In this article, we will do our best in helping you answer some of these critical questions and make sure you are on the right track from the very start.
Purchasing property has become a very tricky game and even seasoned investors can falter and make mistakes that cost them thousands of dollars. Before taking the first step, it is crucial to consider the different options as well as the costs and risks involved.
Two Big Questions You Need to Answer First
Where to buy and what to buy.
The answer to these will almost always depend on your budget and loan affordability. Once you can work out your affordability, you can start to consider your options more seriously – naturally, each option tends to have some advantages and disadvantages.
Some Classic Options:
You want to buy land & hire a team to build your home from scratch.
+ Your stamp duty costs will be much lower.

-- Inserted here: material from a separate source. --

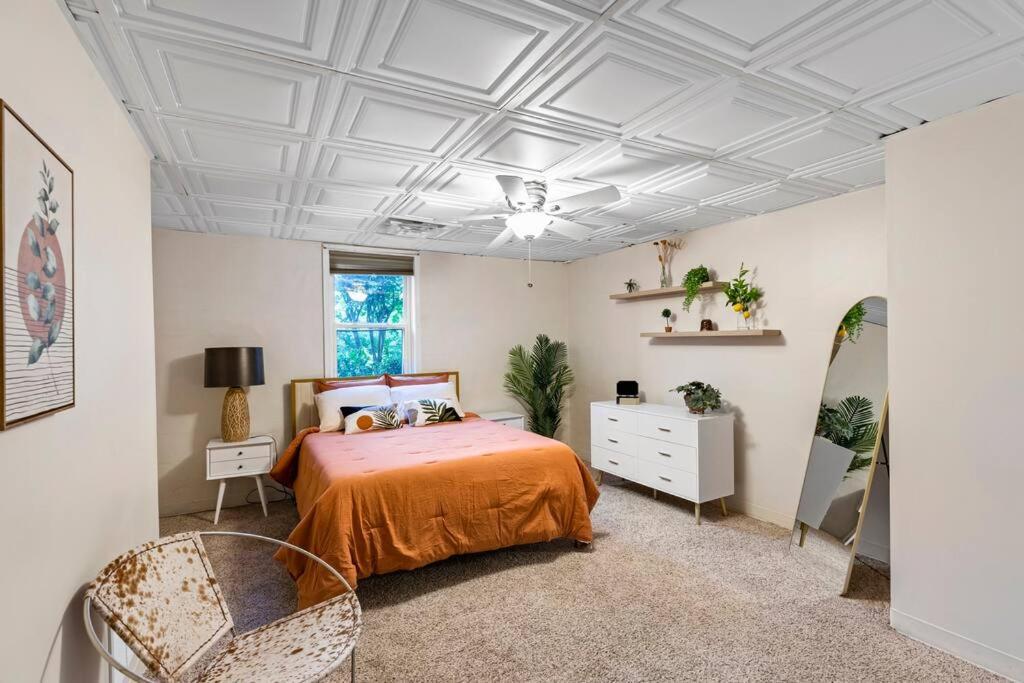 Cozy Buckhead Suite - Great Area, Free Easy Parking, Near Shops And Restaurants Atlanta Zewnętrze zdjęcie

+ Overall, you should be able to spend less than you would if buying an existing house.
– You are very likely to run into issues with your team of builders (often).
– These projects often take very long and tend to stretch far beyond the building team’s original intended schedule.
Buying An Existing House.
+ It will take far less time than building a home from scratch.
+ The process overall will be quicker and far less stressful.
– Will be more expensive than building your own home.
– You might need to spend (a significant) extra on renovation costs.
– Your stamp duty costs will be lower.
Buying An Apartment.
+ Apartments are typically near urban areas and are cheaper than larger homes.
+ The buying process should be much quicker and less painful than building your own home.
– Naturally, apartments are smaller than houses.
– Currently, the capital growth of apartments tends to be slower.
– Can an apartment suit your family’s needs for the next 5 (or 10) years?.
Once you have set a budget and chose the best option for you, it’s time to get a loan approval from a lender, either directly with the bank with them or through a broker.
Brokers are able to give you many options to choose from as they aggregate offers from a variety of lenders. Banks will inform you of all the loan offers they have, but usually none outside their institution.
What Do I Need To Request a Loan?
- 6 Months of savings history
- Payslips from an employer with a minimum employment history of 6 Months.
- 5 % Deposit + 5% Stamp duty (example: For a $500,000 property, the funds required will be $25000 + $25000 = $50,000
Important Tips to Remember
1. To be able to borrow the maximum amount, based on your income, try to pay off all short-term debts such as personal loans and credit cards – these reduce your borrowing capacity drastically.
2. Make sure your credit file is clear of any defaults and late or missed payments.
3. Look for and compare the best options for home loans, such the ones with the lowest deposit required and with the best interest rates on offer.
4. Keep all your relevant documents handy, such as payslips, recent bank statements, and IDs. This will save you a lot of time and make processing easier.
5. Before signing any papers, make sure you have understood all aspects of the contracts and documents you are signing.
If anything is unclear, it’s always best to take legal or professional advice.
Remember, Banks Will Look At:
1. Your job stability.
2. Your income stability.
3. Your credit history.
4. Your savings and expenses patterns.
5. Your visa and residential status.